A warrant agreement is a contract that provides one party the right to purchase a company’s stock at a specific price and at a specific date. As revealed in its report released at the end of June, the private fund also downgraded BlockFi’s preferred shares valuation to $20 per share, down from $77 three months ago.

Earleir in June, BlockFi was reportedly in late-stage talks with new and existing investors to close a down round at a lower valuation of about $1 billion. In 2021, the New Jersey-based company was valued at $5 billion, a few months after it completed a $350 million series D funding round that gave it a valuation of $3 billion.

BlockFi, founded in 2017, provides traditional financial services to cryptocurrency holders.
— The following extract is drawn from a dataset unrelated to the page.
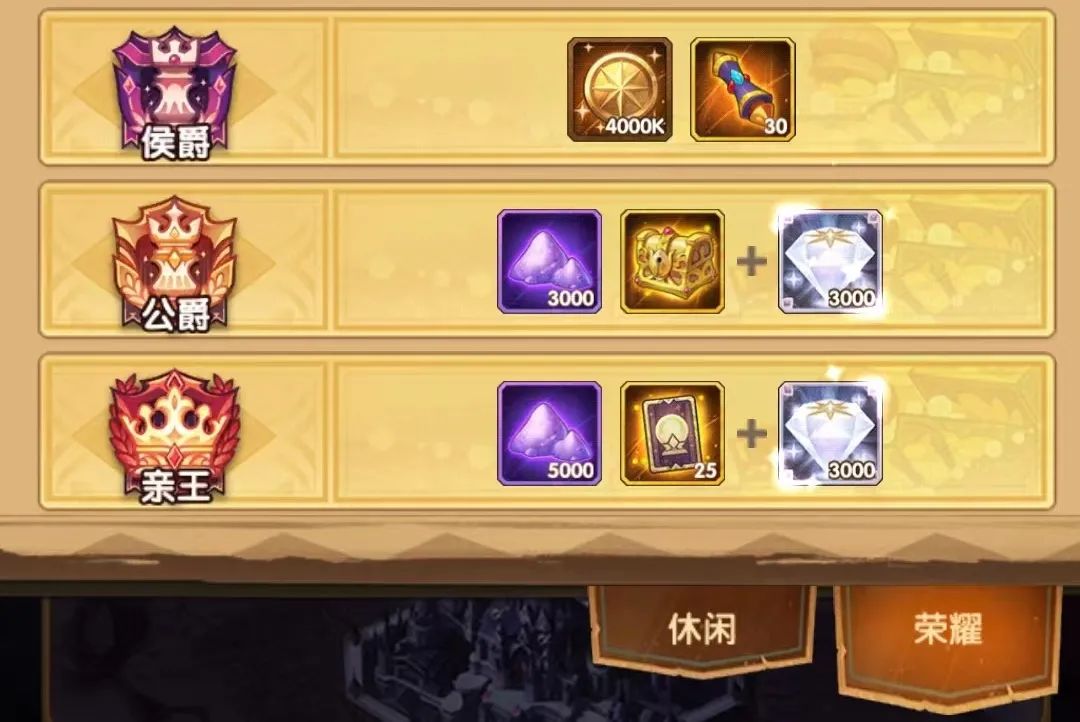 「爆料向」先遣服大团本奖励一览&光辉荣耀详情&猎宝角逐铭牌一览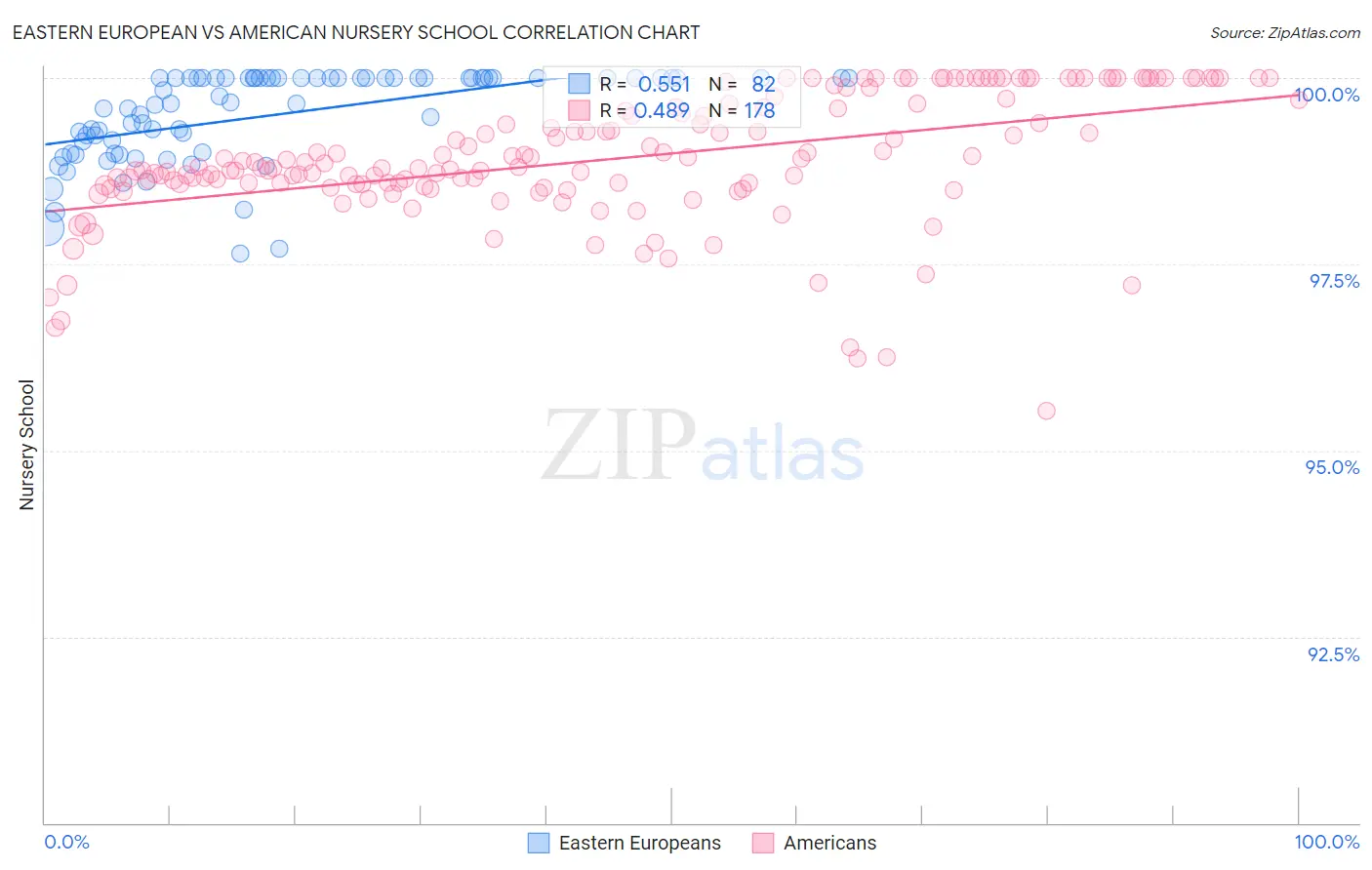 Eastern European vs American Nursery School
Crypto exchange FTX is reportedly looking to acquire a stake in the beleaguered crypto lender as concern increases across the industry about liquidity in the wake of the recent collapse in prices.

The news came hot on the heels of Bankman-Fried’s decision to provide a $250 million credit line for BlockFi. Through the other company he controls, Alameda Research, the crypto billionaire also stepped in to bail out Canadian crypto broker Voyager Digital.

The new investment comes as BlockFi tries to restore confidence during a period of accelerating pressure after rivals Celsius Networks and Babel Finance froze withdrawals and transfers.

BlockFi also announced deep layoffs amid a brutal bear market and also liquidated a large client’s overcollateralized margin loan to mitigate risk. On the regulatory front, the Iowa watchdog hit the company with a $1 million fine to settle charges of offering unlicensed interest-bearing accounts for retail investors. Several state regulators in the US have already issued cease and desist notices to BlockFi, which claims over $10 billion in client assets. This coordinated regulatory scrutiny hinged on the firm’s crypto savings and loans product, dubbed BlockFi Interest Accounts (BIAs).

Earlier this year, BlockFi agreed to pay a $50 million penalty to the SEC and additional $50 million in fines to 32 states to settle similar charges. The company and its parent also agreed to cease selling its Interest Accounts, which let users earn returns on cryptocurrencies, and attempt to register their business within 60 days.